» **Task to carry out**
Copy out the listing that follows in its entirety, keeping it exactly the same.

» **Raw data**
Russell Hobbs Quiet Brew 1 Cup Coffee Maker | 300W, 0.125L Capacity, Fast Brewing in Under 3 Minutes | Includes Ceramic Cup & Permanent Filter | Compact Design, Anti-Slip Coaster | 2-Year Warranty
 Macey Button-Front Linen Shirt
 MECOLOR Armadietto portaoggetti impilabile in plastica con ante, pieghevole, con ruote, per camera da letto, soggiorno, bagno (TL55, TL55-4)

» **Answer for this exercise**
Russell Hobbs Quiet Brew 1 Cup Coffee Maker | 300W, 0.125L Capacity, Fast Brewing in Under 3 Minutes | Includes Ceramic Cup & Permanent Filter | Compact Design, Anti-Slip Coaster | 2-Year Warranty
 Macey Button-Front Linen Shirt
 MECOLOR Armadietto portaoggetti impilabile in plastica con ante, pieghevole, con ruote, per camera da letto, soggiorno, bagno (TL55, TL55-4)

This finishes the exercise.